Como dizia Bacon: “In rebus quibuscumque difficiloribus non expectandum, ut quis simul, et metat, sed praeparatione opus est, ut per gradus maturescant”(“Em todas as coisas, e especialmente nas mais difíceis, não devemos esperar semear e colher ao mesmo tempo, mas é necessária uma lenta preparação  para que elas amadureçam gradativamente”). O caso do livro “Dos delitos e das penas”, de Cesare Beccaria, se encaixa perfeitamente na máxima que preconiza a ideia de como são e de como deveriam ser as leis:

(...) “As leis, que são ou deveriam ser pactos entre homens livres, não passaram, geralmente, de instrumentos das paixões de uns poucos, ou nasceram da necessidade fortuita e passageira; jamais foram elas ditadas por um frio examinador da natureza humana (...). Felizes as raras nações que não esperaram que a lenta evolução das circunstâncias e das vicissitudes humanas conduzisse ao bem após ter atingido o mal extremo, mas que por meio de boas leis aceleraram as passagens intermediárias; e merece a gratidão dos homens o filósofo que, de seu desprezo e obscuro gabinete, teve a coragem de lançar à multidão as primeiras sementes por longo tempo infrutíferas das verdades mais úteis.”[1]

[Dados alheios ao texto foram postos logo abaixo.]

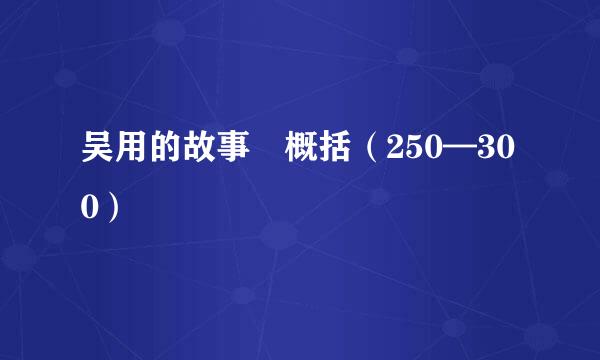 吴用的故事 概括（250—300）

Cesare Bonesana, marquês de Beccaria, nasceu na cidade de Milão em 15 de Março de 1738. Por aqueles lados sempre foi destaque. Formou-se em Direito pela Universidade de Parma vinte anos depois. Todavia suas ideias e ensinamentos são notórios e contagiantes até a atualidade. Em 1763 por sugestão de Pietro Verri, começa a dedicar-se a um estudo crítico sobre a legislação penal, ganhando notoriedade ao dar um grito inicial de revolta contra as arestas desumanas do sistema penal de sua época, instigando a todos a refletirem sobre ele, a fim de que a sociedade goze de instituições melhores e mais justas e com “leis sábias”. Beccaria, devido ao seu comportamento impertérrito foi vítima de perseguições causando-lhe enorme desconforto social.

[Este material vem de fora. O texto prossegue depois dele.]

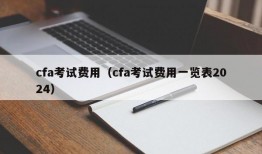 cfa考试费用（cfa考试费用一览表2024）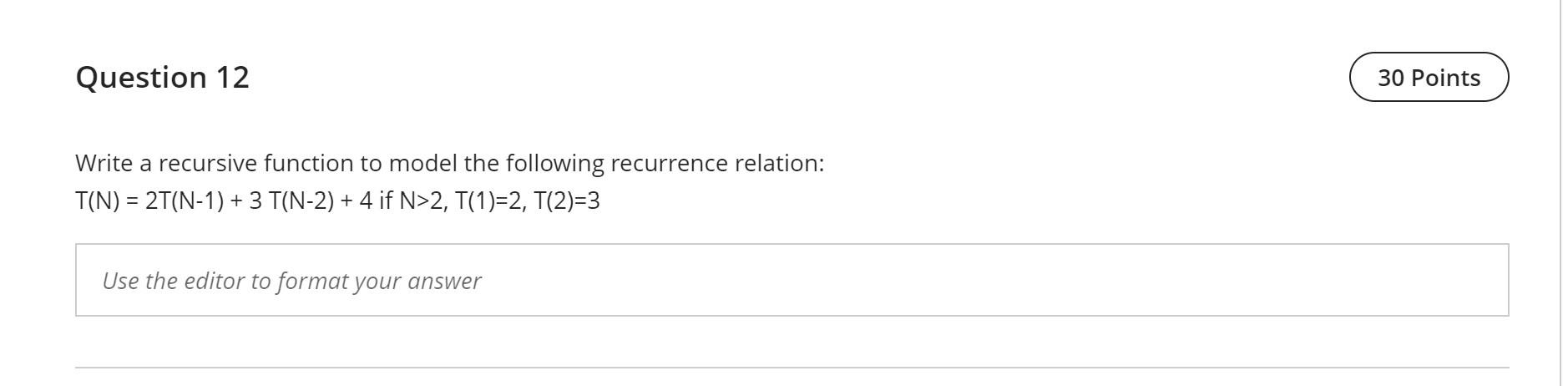 Solved Question 12 30 Points Write a recursive function to | Chegg.com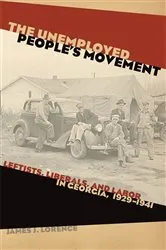 Book cover of The Unemployed People's Movement by James J. Lorence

Beccaria, até hoje é premiado por inúmeros leitores assíduos de suas obras, pois sua inteligência e sensibilidade para abordar assuntos jurídicos lhe possibilitaram isso. 247 anos depois de escrito “Dos delitos e das penas” as palavras de Beccaria ecoam pelo universo jurídico.

Cesare busca demonstrar forma sábia logo na gênese de seu livro sua percepção sobre o poder e a sociedade.

Vejamos:

“Os homens geralmente abandonam as minhas importantes resoluções à prudência cotidiana ou à discrição daquelas cujo interesse é opor-se às leis mais sábias; estas, por natureza, tornam as vantagens universais e resistem às pressões que levam a privilegiar a poucos, separando de um lado o máximo de poder e felicidade e, do outro, toda a fraqueza e miséria.”[2]

Observa-se a consciência que Beccaria possuía e, mesmo discretamente deixou tipografado para a posteridade a sua indelével visão e suas reflexões sobre o desprezo pela maioria humilde da sociedade. Devemos nos atentar para o fato de que há quase 300 anos, essa ideia de concentração de rendas e privilégios entre os poderosos, que são minoria, já impunha certa rotina, na arcaica e nublada Itália do século XVI.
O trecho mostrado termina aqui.